Now, to return to Mormonism. Mormonism follows the theological and cultural line of thought that God is and is knowable. Such theological proofs by the Christian tradition, while not apparent in the faith, still leave their marks on Mormonism. God has a corporeal body in Mormonism. He has a fixed location. He has a family. God is an evolved being that spends his days doing set activities: creating and punishing the hell into his disobedient children. These ideas or "revelations" on God is ultimately a reasonable conclusion to come to in a society where God is rationally explained and understood (albeit God becomes incredibly irrational and full of many fallacies). After all, could you imagine a Joseph Smith figure appearing in a society where God was taught as being unknowable and incomprehensible? That all attempts to approach God are failures except once we face the reality that God is not out there but inside us?

Mormonism teaches the person that is God. Mysticism and many other traditions teach the experience that is God. God's literal distance from us, his physical form, and all other things that are relate-able actually do harm to the concept of God. It turns God into something unnecessary, unapproachable. Why? What need have we to interact with a being that is so much like us? He is not majestic or capable of filling us with wonder. He cannot because he is the average joe of the gods to believe in. The gods of mysticism, Christianity, Judaism, and Islam (I fully admit that the mystical God is arguably inseparable from their twin form in the different monotheistic faiths) transcend human thought and understanding.

Consider this scripture mastery passage from Isaiah: For my thoughts are not your thoughts, neither are your ways my ways, saith the Lord.
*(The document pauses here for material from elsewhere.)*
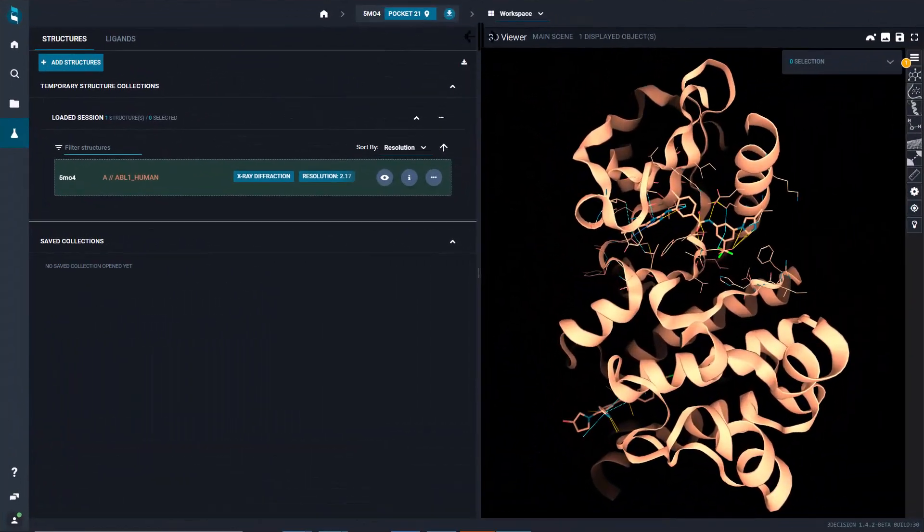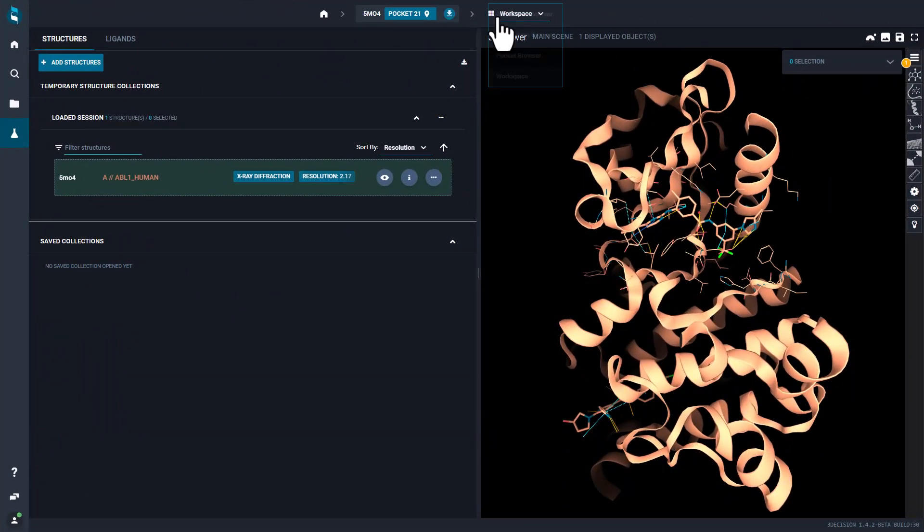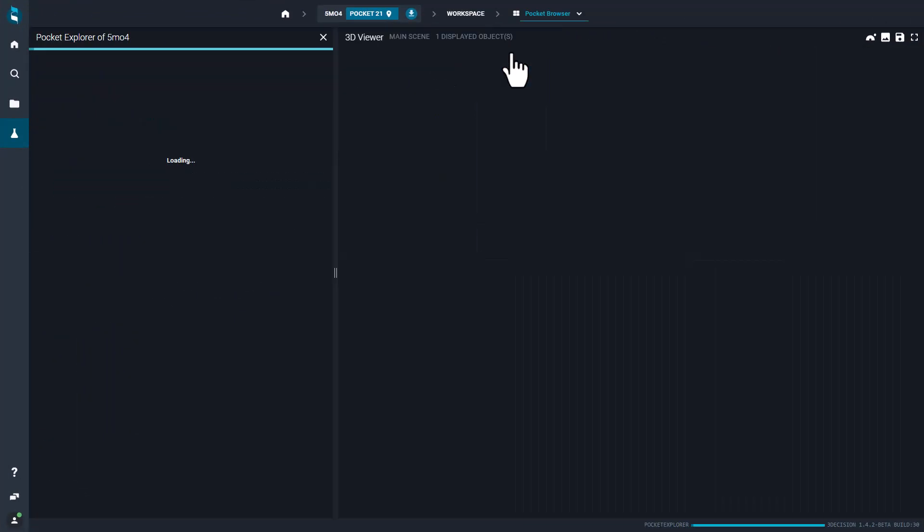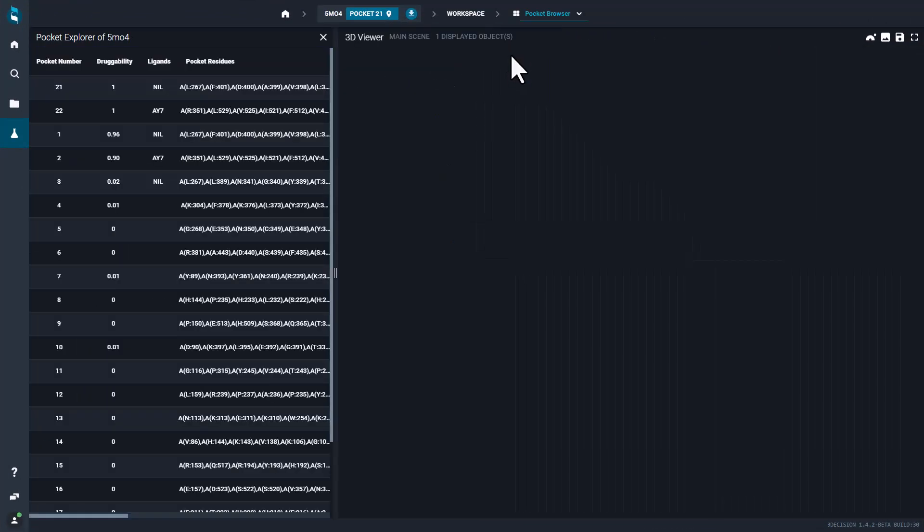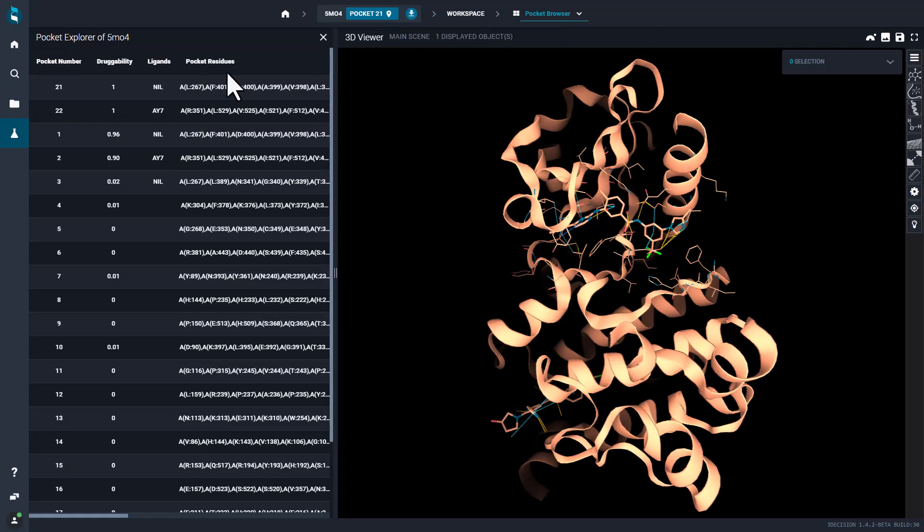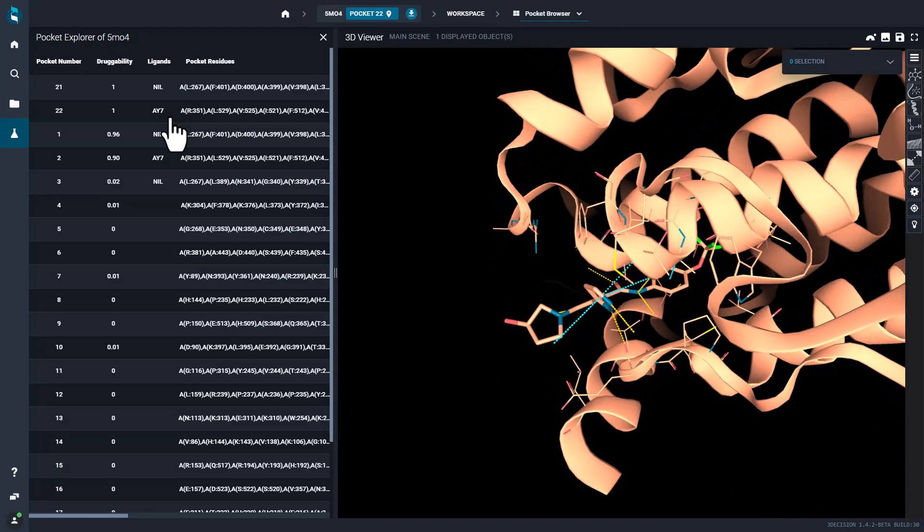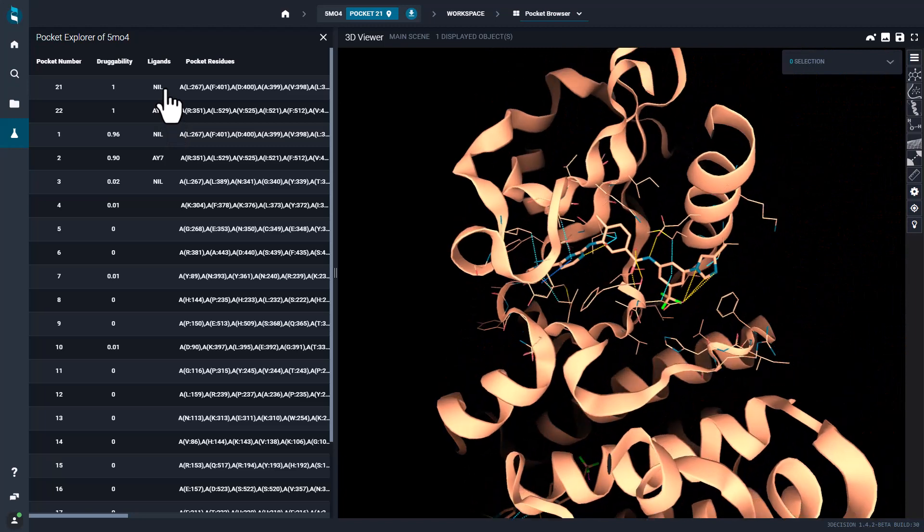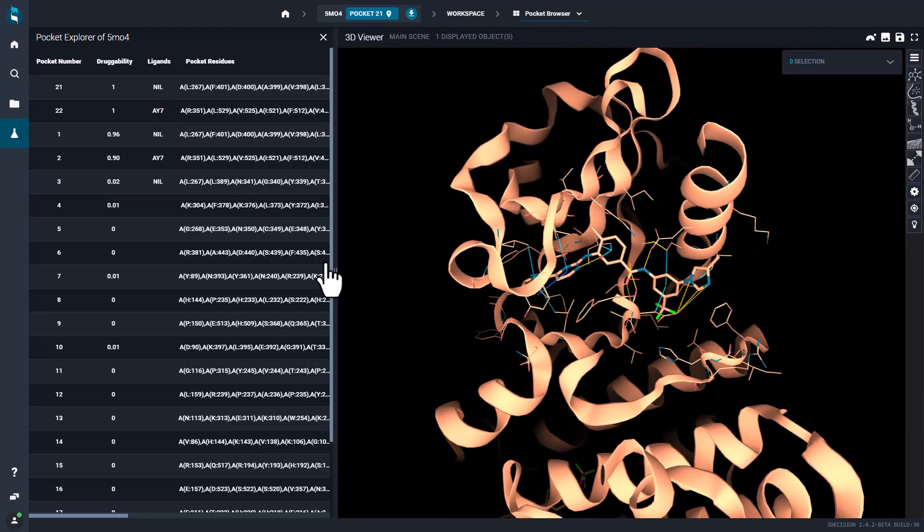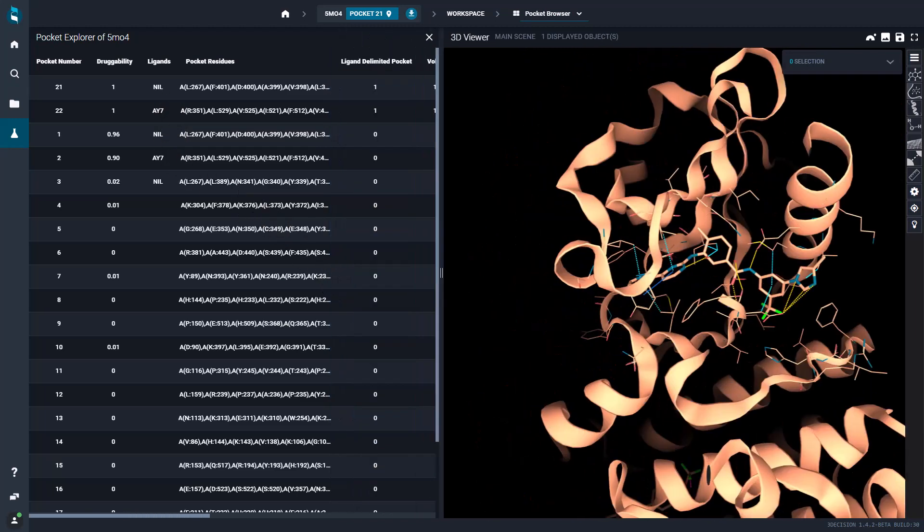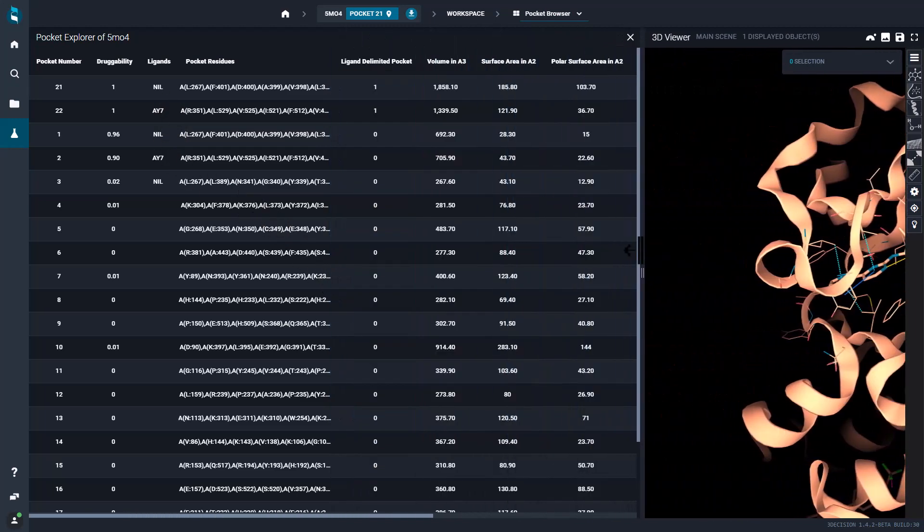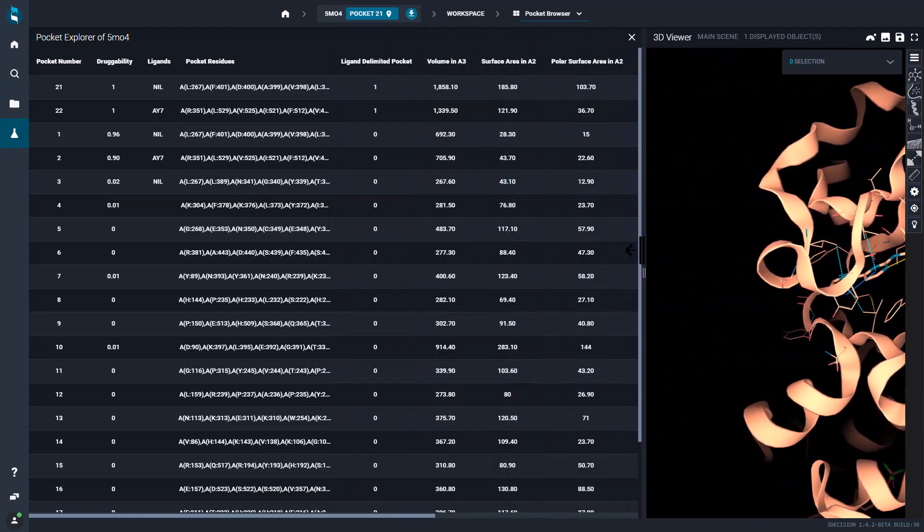For instance, upon registration each structure is processed to detect all putative and known binding sites on the protein surface. You can quickly inspect allosteric and orthosteric pockets and get information on pocket properties like drugability and volume.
For as the heavens are higher than the earth, so are my ways higher than your ways, and my thoughts than your thoughts" (55:8-9). This idea in Mormonism, especially among many Mormons that I have met, is explained as "God is more knowing." But there is an inherent problem with that. In order for this passage to have some ring of accuracy to that, the Mormon would have to admit that current knowledge is pathetic and absolutely and totally unnecessary. Human thought and human logic is incorrect and the tools for our inability to know God. But Mormonism, being the child of Enlightenment and the offspring of the progress of American and European philosophy and science, cannot accept that. God just knows more than you or I. God did not create the laws at work in our universe. He's just smart about manipulating them. God is definable. Mormonism defines their God very successfully.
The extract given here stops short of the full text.